PS D:\darknet\vcpkg\installed\x64-windows\tools\darknet> ./darknet detector test ./cfg/coco.data ./cfg/yolov4.cfg yolov4.weights data/dog.jpg CUDA-version: 11060 (11060), cuDNN: 8.4.0, GPU count: 1 OpenCV version: 4.5.5 0 : compute_capability = 750, cudnn_half = 0, GPU: NVIDIA GeForce RTX 2060 net.optimized_memory = 0 mini_batch = 1, batch = 8, time_steps = 1, train = 0 layer filters size/strd(dil) input output 0 Create CUDA-stream - 0 Create cudnn-handle 0 conv 32 3 x 3/ 1 608 x 608 x 3 -> 608 x 608 x 32 0.639 BF 1 conv 64 3 x 3/ 2 608 x 608 x 32 -> 304 x 304 x 64 3.407 BF 2 conv 64 1 x 1/ 1 304 x 304 x 64 -> 304 x 304 x 64 0.757 BF 3 route 1 -> 304 x 304 x 64 ... [yolo] params: iou loss: ciou (4), iou_norm: 0.07, obj_norm: 1.00, cls_norm: 1.00, delta_norm: 1.00, scale_x_y: 1.05 nms_kind: greedynms (1), beta = 0.600000 Total BFLOPS 128.459 avg_outputs = 1068395 Allocate additional workspace_size = 18.88 MB Loading weights from yolov4.weights... seen 64, trained: 32032 K-images (500 Kilo-batches_64) Done! Loaded 162 layers from weights-file Detection layer: 139 - type = 28 Detection layer: 150 - type = 28 Detection layer: 161 - type = 28 data/dog.jpg: Predicted in 502.524000 milli-seconds. 😱😱😱 bicycle: 92% dog: 98% truck: 92% pottedplant: 33%
Hi, I have the same problem.
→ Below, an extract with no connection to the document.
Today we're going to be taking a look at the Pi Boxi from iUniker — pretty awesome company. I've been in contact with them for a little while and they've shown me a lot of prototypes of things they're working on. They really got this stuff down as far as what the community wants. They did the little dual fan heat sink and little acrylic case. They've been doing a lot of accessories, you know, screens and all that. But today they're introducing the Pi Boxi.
Inference time is too slow even though I set the GPU and CUDNN=1. I think you found the way to turn on the GPU or CUDA. Please let us know the solution. Thanks in advance.
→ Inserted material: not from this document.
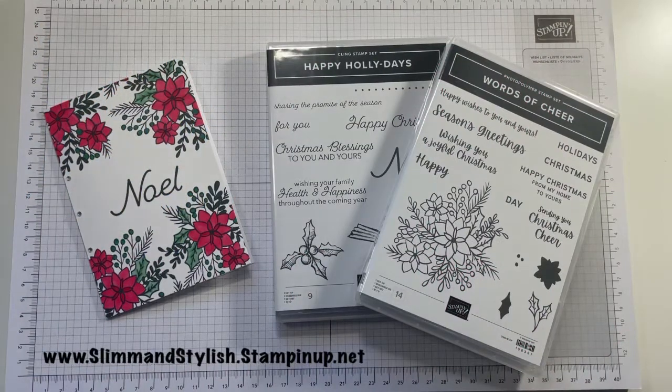Hi there everybody, it's Halsey here, UK independent Stamping Up demonstrator from slimandstylish.stampingup.net. Thank you very much for joining me today.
Hi, I have the same problem. Inference time is too slow even though I set the GPU and CUDNN=1. I think you found the way to turn on the GPU or CUDA. Please let us know the solution.
The solution I recommend is to use this Darknet/YOLO repo: https://github.com/hank-ai/darknet#table-of-contents
The repo you are attempting to use is no longer maintained.
If something doesn’t work for you, then show 2 screenshots:
i used the
PS D:\> .\vcpkg install darknet[full]:x64-windows
to install darknet successfully! after testing, i found that the detection was too slow! it looks like the GPU isn't speeding up!BUT, in my yolov3, it's very fast. same machine, same hard devices.